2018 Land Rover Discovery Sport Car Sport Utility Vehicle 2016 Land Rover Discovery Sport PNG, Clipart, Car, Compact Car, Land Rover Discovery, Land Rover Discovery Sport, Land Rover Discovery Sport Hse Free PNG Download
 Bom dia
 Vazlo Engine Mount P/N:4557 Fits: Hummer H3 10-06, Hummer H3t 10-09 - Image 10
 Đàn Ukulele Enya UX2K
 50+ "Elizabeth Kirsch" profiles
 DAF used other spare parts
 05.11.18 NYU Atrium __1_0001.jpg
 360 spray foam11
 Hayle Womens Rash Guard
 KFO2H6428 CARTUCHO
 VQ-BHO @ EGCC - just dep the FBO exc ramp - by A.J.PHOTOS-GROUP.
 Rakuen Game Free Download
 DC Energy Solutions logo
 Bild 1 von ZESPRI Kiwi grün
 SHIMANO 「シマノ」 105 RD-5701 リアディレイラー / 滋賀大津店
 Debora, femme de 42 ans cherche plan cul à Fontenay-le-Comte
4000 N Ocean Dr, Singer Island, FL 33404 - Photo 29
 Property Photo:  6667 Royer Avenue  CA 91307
==================================================
What is required ▸
Beginning with the line that contains "Bild 1 von ZESPRI Kiwi grün", return every line to the end of the listing, unchanged, and nothing else.

Response area ▸
 Bild 1 von ZESPRI Kiwi grün
 SHIMANO 「シマノ」 105 RD-5701 リアディレイラー / 滋賀大津店
 Debora, femme de 42 ans cherche plan cul à Fontenay-le-Comte
4000 N Ocean Dr, Singer Island, FL 33404 - Photo 29
 Property Photo:  6667 Royer Avenue  CA 91307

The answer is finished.